Член Союза зеленых и крестьян, естественно, был замечен и во время незаконной сходки нациков 16 марта возле Музея оккупации, о чем мы рассказали в газете. "Вы написали, что я перед телекамерами зарубежных СМИ ругал русских. Это неправда! Требую опровержения!" — заявил Озолиньш. Что же, раз требует, дадим ему слово.

— Как часто вы, г–н Озолиньш, выходя на трибуну сейма, вспоминаете, что сам наполовину русский, а ваш отец воевал в Красной армии?

– Я об этом никогда не забываю! Моя мама, на которой отец женился в 1917–м, — русская, и мой первый язык был русский. Я уважаю русскую нацию и никогда плохо о ней не отзывался, не ругал. Кстати, моя бабушка работала белошвейкой в семье графа Льва Толстого.

— Ваш отец, кажется, служил в ЧК?

— Не служил. Хотя я точно не знаю, он же мне не рассказывал, сотрудничал с кем–то или нет. Да, он был в Красной армии и, когда я подрос, вспоминал о злодеяниях коммунистов. Кстати, если бы он вовремя не уехал из Москвы, то в 1937 году его бы расстреляли!

— За что?

— За то, что был латышом. Тогда расстреливали многих, кто по национальности был латышом.

— Прямо–таки? Ничего не путаете?

— У меня есть доказательство! (Заявив это, г–н Озолиньш достал копию ОДНОЙ справки о реабилитации некой Мелгал Эрны Робертовны, сосланной в Мурманскую область по политическим мотивам — "как лицо латышской национальности". — И. М.) И так репрессировали 70 000 латышей, из них около 25 000 ярых коммунистов, например Алксниса, Лайцанса, Тикутса!

— Но в советские годы попали под удар далеко не только латыши, но в первую очередь от репрессий 1937 года пострадали русские. Кроме того, причины депортации латышей крылись не только в их национальности.

— И что мне вам после этого рассказывать! Вы же запрограммированы Плинером и Цилевичем. Вы — зомби и слышите только то, что хотите.

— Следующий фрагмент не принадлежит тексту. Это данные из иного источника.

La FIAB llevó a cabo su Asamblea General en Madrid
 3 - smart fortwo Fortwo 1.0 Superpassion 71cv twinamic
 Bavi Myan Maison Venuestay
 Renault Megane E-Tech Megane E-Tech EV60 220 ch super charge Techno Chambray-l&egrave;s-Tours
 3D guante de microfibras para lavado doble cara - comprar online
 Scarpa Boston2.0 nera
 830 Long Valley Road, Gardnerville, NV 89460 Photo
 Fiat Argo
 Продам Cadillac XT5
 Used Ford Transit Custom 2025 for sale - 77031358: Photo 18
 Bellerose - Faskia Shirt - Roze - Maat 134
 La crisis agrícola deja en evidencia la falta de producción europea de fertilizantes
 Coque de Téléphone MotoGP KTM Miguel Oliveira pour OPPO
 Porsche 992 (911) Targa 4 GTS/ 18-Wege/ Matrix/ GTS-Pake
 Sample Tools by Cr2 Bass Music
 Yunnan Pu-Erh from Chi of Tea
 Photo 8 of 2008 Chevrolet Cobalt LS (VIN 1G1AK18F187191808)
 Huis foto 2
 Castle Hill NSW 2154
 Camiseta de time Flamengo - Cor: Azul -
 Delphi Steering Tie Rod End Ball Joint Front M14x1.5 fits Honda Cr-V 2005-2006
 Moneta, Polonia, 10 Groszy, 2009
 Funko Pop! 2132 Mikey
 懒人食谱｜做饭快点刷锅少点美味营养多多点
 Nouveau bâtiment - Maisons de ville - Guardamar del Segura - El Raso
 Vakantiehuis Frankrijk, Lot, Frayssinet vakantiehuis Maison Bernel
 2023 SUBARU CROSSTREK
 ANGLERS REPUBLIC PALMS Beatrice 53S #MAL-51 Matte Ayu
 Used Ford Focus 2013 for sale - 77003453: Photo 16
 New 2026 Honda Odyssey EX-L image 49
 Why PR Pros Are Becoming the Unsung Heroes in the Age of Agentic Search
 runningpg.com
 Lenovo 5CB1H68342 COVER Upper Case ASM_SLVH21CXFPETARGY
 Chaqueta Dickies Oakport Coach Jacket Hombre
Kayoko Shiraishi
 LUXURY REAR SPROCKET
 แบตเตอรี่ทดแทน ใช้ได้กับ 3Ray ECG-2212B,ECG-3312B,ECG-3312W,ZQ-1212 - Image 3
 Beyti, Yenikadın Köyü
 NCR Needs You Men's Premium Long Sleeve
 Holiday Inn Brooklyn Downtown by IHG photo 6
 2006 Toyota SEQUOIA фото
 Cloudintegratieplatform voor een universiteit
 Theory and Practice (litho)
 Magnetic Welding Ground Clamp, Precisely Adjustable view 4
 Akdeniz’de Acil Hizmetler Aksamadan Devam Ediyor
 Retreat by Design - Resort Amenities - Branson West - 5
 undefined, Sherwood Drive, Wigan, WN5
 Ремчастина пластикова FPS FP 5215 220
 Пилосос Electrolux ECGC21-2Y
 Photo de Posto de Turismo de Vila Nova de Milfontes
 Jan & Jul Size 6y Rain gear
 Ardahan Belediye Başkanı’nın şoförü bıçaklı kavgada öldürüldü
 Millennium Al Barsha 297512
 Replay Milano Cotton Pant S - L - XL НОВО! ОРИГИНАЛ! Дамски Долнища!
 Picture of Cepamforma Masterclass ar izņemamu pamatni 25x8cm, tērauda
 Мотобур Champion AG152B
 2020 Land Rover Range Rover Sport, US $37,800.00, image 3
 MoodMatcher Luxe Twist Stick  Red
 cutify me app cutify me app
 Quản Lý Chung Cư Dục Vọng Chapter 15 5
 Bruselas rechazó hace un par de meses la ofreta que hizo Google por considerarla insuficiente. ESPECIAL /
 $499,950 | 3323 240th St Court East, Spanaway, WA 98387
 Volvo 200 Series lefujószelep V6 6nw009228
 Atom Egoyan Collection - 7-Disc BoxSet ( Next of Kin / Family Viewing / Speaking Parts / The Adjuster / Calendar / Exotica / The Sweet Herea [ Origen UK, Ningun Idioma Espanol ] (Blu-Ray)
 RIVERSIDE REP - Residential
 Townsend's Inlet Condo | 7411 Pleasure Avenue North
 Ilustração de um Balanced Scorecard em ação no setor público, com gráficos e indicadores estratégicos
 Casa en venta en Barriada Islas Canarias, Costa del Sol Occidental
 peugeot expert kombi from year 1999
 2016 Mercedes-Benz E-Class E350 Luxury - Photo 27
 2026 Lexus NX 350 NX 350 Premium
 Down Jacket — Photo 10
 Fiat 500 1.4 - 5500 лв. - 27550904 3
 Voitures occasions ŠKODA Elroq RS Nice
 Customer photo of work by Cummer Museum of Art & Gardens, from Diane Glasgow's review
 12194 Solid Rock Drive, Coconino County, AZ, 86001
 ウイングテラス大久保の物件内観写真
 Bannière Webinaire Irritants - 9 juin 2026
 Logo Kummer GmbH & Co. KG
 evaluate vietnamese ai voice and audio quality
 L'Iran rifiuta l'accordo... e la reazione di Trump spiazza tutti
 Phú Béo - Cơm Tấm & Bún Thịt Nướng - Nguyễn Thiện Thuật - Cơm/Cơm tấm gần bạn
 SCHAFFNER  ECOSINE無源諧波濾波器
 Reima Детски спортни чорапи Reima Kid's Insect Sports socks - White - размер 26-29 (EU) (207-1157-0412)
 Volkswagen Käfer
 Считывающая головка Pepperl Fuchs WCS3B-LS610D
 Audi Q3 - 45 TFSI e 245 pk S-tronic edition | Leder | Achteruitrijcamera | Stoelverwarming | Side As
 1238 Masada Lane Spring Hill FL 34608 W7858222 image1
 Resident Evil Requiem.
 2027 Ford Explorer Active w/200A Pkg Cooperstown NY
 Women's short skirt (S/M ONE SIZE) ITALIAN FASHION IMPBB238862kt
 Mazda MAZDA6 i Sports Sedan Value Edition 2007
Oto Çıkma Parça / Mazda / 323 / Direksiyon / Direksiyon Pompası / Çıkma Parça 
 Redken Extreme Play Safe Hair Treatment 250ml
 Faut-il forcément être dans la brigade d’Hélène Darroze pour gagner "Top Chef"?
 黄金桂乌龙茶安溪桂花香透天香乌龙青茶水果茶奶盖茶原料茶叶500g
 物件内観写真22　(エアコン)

— Ну спасибо вам, раскрыли глаза. Да, раз уж хотите вспомнить репатриантов, что вы можете сказать о тех, кто вернулся в Латвию из мест ссылки?

— Они патриоты Латвии!

— Тогда почему абсолютному большинству из них, состоящих в Обществе репрессированных латышей, приходится доказывать свое право жить в стране, бегать по чиновничьим кабинетам, с боем восстанавливать гражданство? Некрасиво получается. Многие из латышей, вернувшись на родину, теперь искренне говорят, что лучше бы остались в той же Сибири, где жилось проще…

— Думаю, эти люди не проходимцы и не аферисты. Если у них имеются документы, что они родом из Латвии, гражданство им дать обязаны.

— Подобные фразы типа "гражданство дать обязаны" мне кажутся демагогией.

— Не демагогия! Я считаю, все упирается в бюрократов–чиновников. Чиновники творят много беззаконий!

— Но что лично вы, патриот, сделали для репрессированных?

— Я… (Тут г–н Озолиньш замялся. — И. М.) Я готов лично всех этих людей принять, пускай приходят!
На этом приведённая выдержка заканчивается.